Predicting User Affective States from Mobile Notification Interactions Using LLM-Based Machine Learning Models
摘要
The rapid adoption of smartphones has created opportunities for understanding the emotional state of the user’s through smartphone interactions. This work presents a novel approach using Large Language Models (LLMs) and smartphone notification interaction data for the estimation of the affective state of the user, an area that has not been extensively studied. Recent studies face challenges in generating personalized predictions; instead, they deliver generalized outcomes that are not suitable for an individual’s behavior. Most models failed to incorporate real-time variables, which limits the accuracy and relevance of user’s emotional state predictions. This work applies the use of LLMs to analyze user’s complex, dynamic interactions with smartphone notifications, resulting in a greater understanding of emotions such as happiness, irritation, and frustration. Our work uses real-time smartphone notification data, “NotifyMiner,” and LLMs to deliver context-aware, personalized emotional state predictions.
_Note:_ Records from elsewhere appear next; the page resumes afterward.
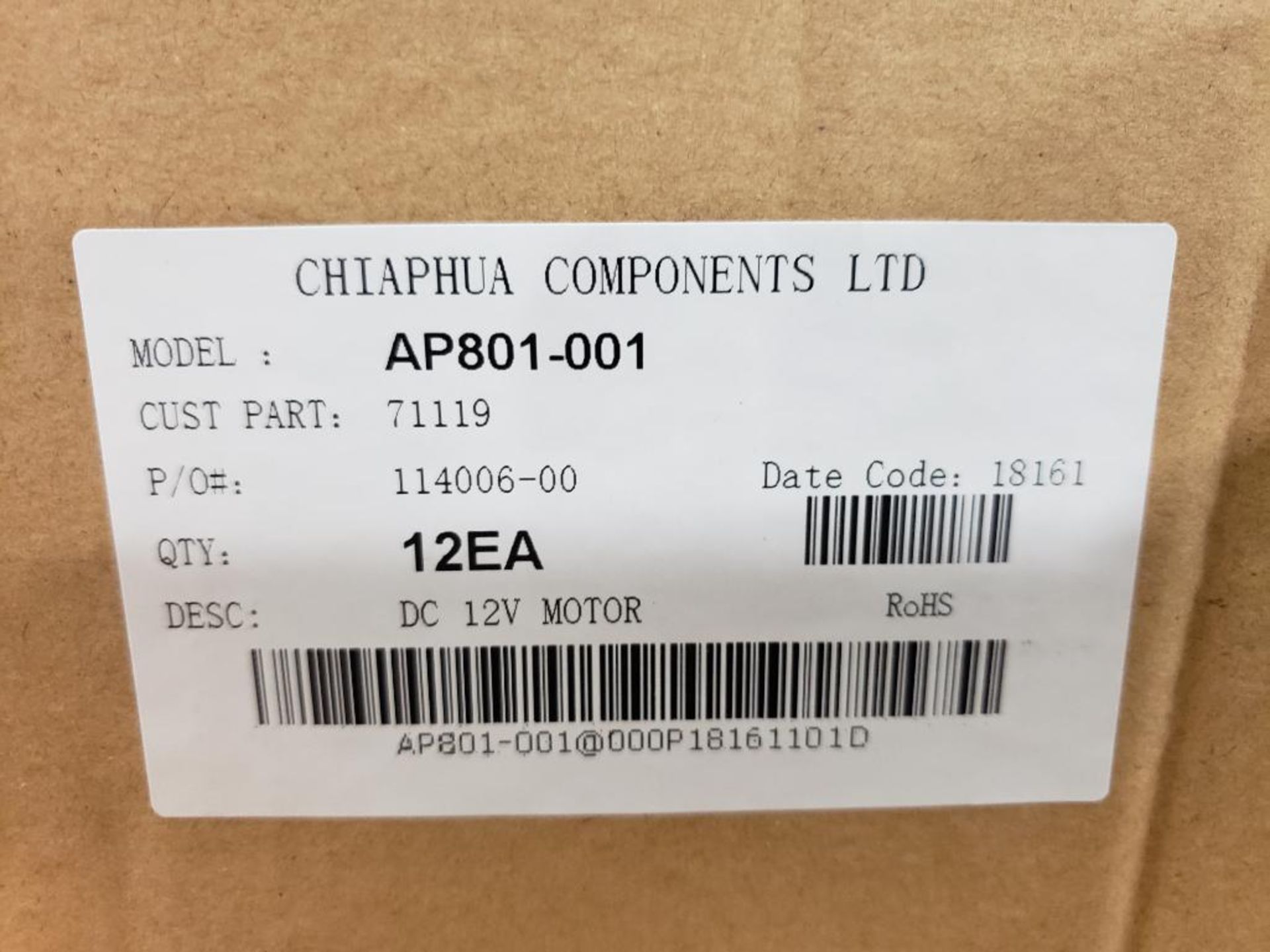 Qty 24 - Chiaphua Components LTD AP801-001. 71119 12VDC Motor. - Image 2 of 2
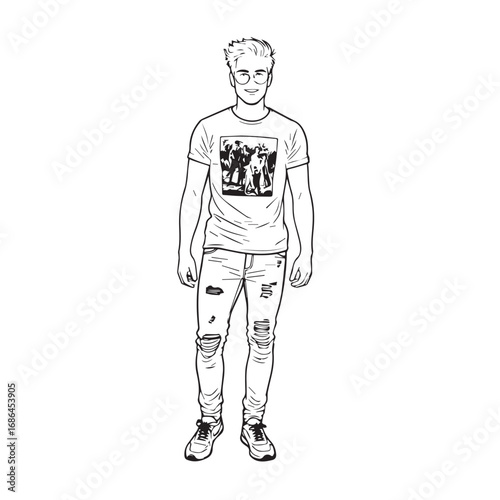Handsome Man Black and White Illustration Vector Image Male Portrait Fashion Sketch Line Art Design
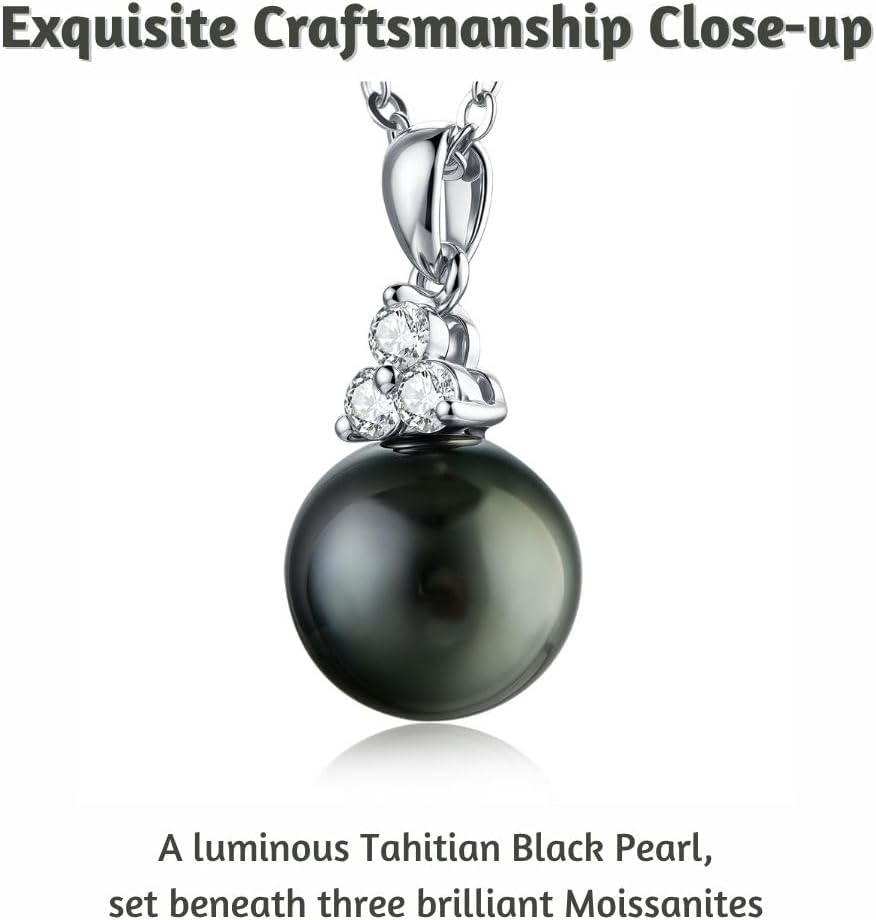 Lunar Belle Sterling Silver Black Pearl Pendant Necklace with Moissanite, Elegant Jewelry Birthday Gift for Women Girlfriend Wife Valentine's Day (Tide Star)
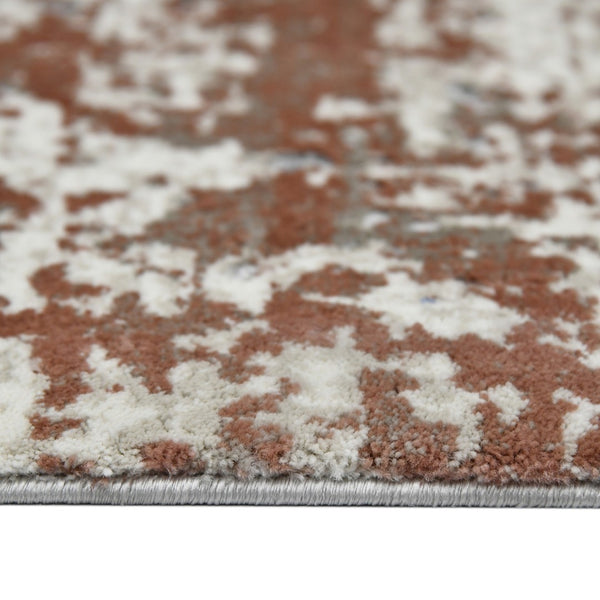 HomeRoots 5' Abstract Area Rug in Ivory, Red, and Gold - Modern Design for High-Traffic Spaces, Easy Care 5' X 8' 532299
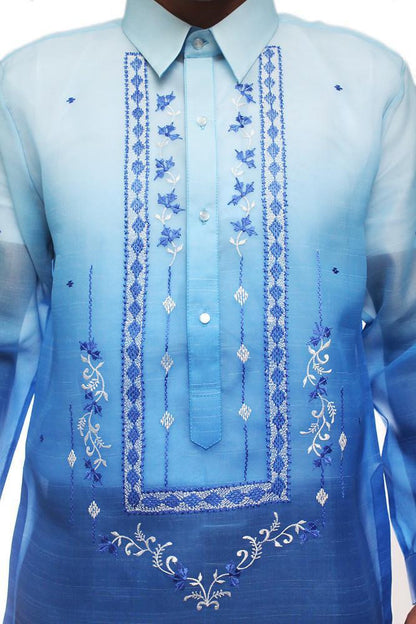BARONG WAREHOUSE - MJ25 - MADE-TO-ORDER - Jusi Barong Tagalog Monochromatic Blue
In our experiments, the LLM is trained on interaction data from user’s, which includes response latency, level of engagement, and type of notification, and its predictive capacity is assessed for recognizing various emotional states. We evaluate zero-shot and few-shot embedding techniques regarding their use in LLM to measure and predict user well-being status. The model proved to be successful in identifying various affective states, highlighting its potential for customized alerts, mental health tracking, and enhanced usability features. Through context-aware and personalized predictions, LLMs demonstrate their ability to overcome standard modelling restrictions and analyze complex user behaviors.